Artikel von Christoph Cöln
13.09.2023
(Quelle: IMAGO/Michael Brochstein)© T - Online
Auch mehr als drei Jahre nach dem Ausbruch der weltweiten Coronapandemie ist der Ursprung des Virus nicht geklärt. Nun erregt eine Aussage Aufsehen, die ein Informant des amerikanischen Auslandsgeheimdienstes CIA vor einem Geheimdienstausschuss des US-Kongresses gemacht hat. Demnach soll der Dienst versucht haben, führende Experten im Zusammenhang mit der Epidemie zu einem Umdenken zu bewegen.
"Signifikante finanzielle Anreize" für sechs Wissenschaftler habe es gegeben, um ihre Meinung zum Ursprung des Virus zu ändern. So sagte es der Informant bei seiner Aussage vor dem Ausschuss. Dies steht auch in einer Pressemitteilung, die von dem Untersuchungsausschuss (Select Subcommittee on the Coronavirus Pandemic and Permanent Select Committee on Intelligence) am Dienstag herausgegeben wurde. Das Pikante daran ist nicht nur die Tatsache, dass es offenbar eine Beeinflussung von Forschern gegeben haben soll, sondern dass es sich dabei wohl um Experten handelte, die ohnehin für die CIA tätig waren. Versuchte die CIA also, die eigenen Analysten zu bestechen? Und wenn ja, mit welchem Ziel?
In dem wissenschaftlichen Gremium, das die CIA zur Herkunft des Coronavirus beauftragt hatte, saßen laut des Informanten sieben Wissenschaftler, von denen sechs den Ursprung des Coronavirus in einem Labor in der chinesischen Provinz Wuhan vermuteten.
(Quelle: Anna Moneymaker)© T - Online
Der Geheimdienst wies die Anschuldigungen umgehend zurück. "Bei der CIA sind wir den höchsten Standards an analytischer Genauigkeit, Integrität und Objektivität verpflichtet. Wir bezahlen Analysten nicht dafür, zu bestimmten Schlussfolgerungen zu gelangen", sagte eine Sprecherin gegenüber dem US-Magazin "Newsweek".
Dennoch sind die Vorwürfe ein gefundenes Fressen für Rechtspopulisten. "Die aus Steuergeldern finanzierte CIA bezahlt Experten mit Steuergeld dafür, zu lügen", schrieb die Trump-Anhängerin und US-Parlamentarierin Marjorie Taylor Greene bei "X".
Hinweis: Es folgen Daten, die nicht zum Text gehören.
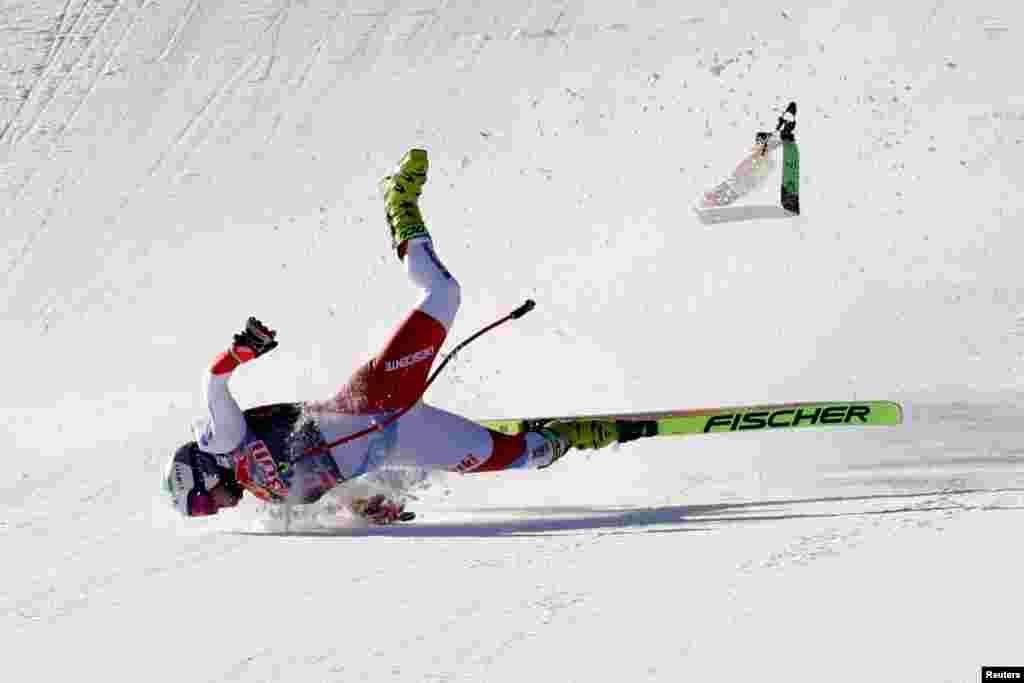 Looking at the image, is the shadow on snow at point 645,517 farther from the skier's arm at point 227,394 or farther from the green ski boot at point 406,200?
the green ski boot at point 406,200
Seit dem Aufkommen von SARS-CoV-2, das erstmals Ende des Jahres 2019 dokumentiert wurde, ist die Ursprungshypothese umstritten. Während manche Wissenschaftler eine Übertragung von Tieren auf einem belebten Markt, eventuell Fledermäusen, auf den Menschen als wahrscheinlichste Ursache ansehen, glauben andere an einen Unfall in einem chinesischen Versuchslabor.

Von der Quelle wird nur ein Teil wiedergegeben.